Ощущение одиночества возникает у меня в памяти среди самых ранних и смутных воспоминаний наряду с первым плачем и первыми страхами. Как все дети, я выдумывал про себя разные истории, и они, словно мосты, соединяли меня с другими людьми, с миром. Я жил в пригороде Мехико в старом, разваливающемся доме с диким, заросшим садом и большой комнатой, заваленной книгами. Там протекли первые игры, там я получил первый жизненный опыт. Сад стал для меня средоточием мира, а библиотека — заколдованной пещерой. Я читал и играл с двоюродными братьями и одноклассниками. Там была смоковница — зеленый шатер, а еще — четыре сосны, три ясеня, кактус «царица ночи», гранат, лужайки, колючки, оставлявшие темно-лиловые царапины. Глинобитные стены. Время было упругим, пространство вращалось. Точнее, все времена, реальные и воображаемые, сливались в одно «сейчас», но и пространство, в свою очередь, бесконечно преображалось: там было здесь, и вообще все было здесь: долина, гора, далекая страна, соседский дворик. А книги с картинками, особенно по истории, которые мы жадно листали, давали пищу нашему воображению: пустыни и сельва, дворцы и хижины, воины и принцессы, нищие и цари. Мы терпели кораблекрушения вместе с Синдбадом и Робинзонам, сражались вместе с д'Артаньяном, брали Валенсию с Сидом. А как мне хотелось остаться на острове Калипсо! В летнее время смоковница покачивала своими зелеными ветвями так, словно это были паруса каравеллы или пиратского судна. С этой высокой мачты, обдуваемый ветрами, я открывал острова и континенты — земли, исчезавшие, стоило только на них ступить. Этот бескрайний мир всегда оказывался под рукой, и время тянулось сплошным настоящим, без разрывов.

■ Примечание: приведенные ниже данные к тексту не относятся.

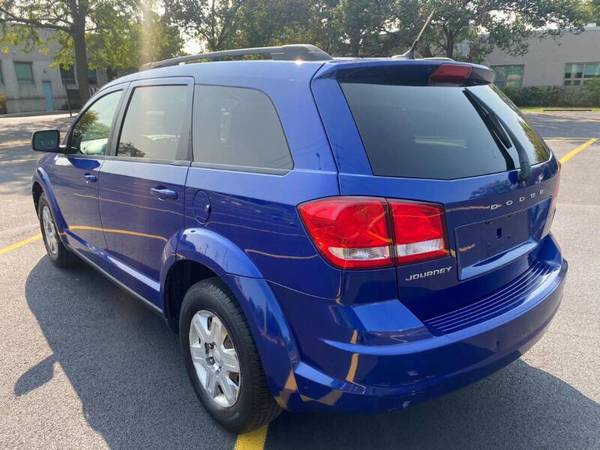 2012 DODGE JOURNEY SE 1OWNER 3ROW KEYLESS GAS SAVER GOOD TIRES... for sale in Skokie, IL – photo 5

Когда же кончилась эта зачарованность? Нет, это произошло не внезапно, а шаг за шагом, постепенно. Ведь не просто свыкнуться с тем, что друг предает, возлюбленная обманывает, а освободительные идеи — маска тирании. То, что называется «отдать себе отчет», — длительный и прихотливый процесс, ибо мы сами соучастники собственных ошибок и заблуждений. И все же я довольно отчетливо припоминаю случай, который, хотя и очень скоро забылся, был словно первый звоночек. Мне было шесть лет, и одна из моих двоюродных сестер, чуть старше меня, показала мне американский журнал с фотографией солдат, которые маршировали по какой-то большой улице, должно быть, в Нью-Йорке. «Они возвращаются с воины», — сказала она мне. Эти несколько слов меня так всполошили, словно мне объявили о конце света или о втором пришествии Христа. Смутно я осознавал, что там, где-то далеко, несколько лет назад кончилась какая-то война{3} и солдаты маршируют в знак победы. Но для меня эта война происходила в другом измерении, не сейчас и не здесь. Фотография все разрушила. Я почувствовал, я буквально ощутил себя выброшенным из настоящего.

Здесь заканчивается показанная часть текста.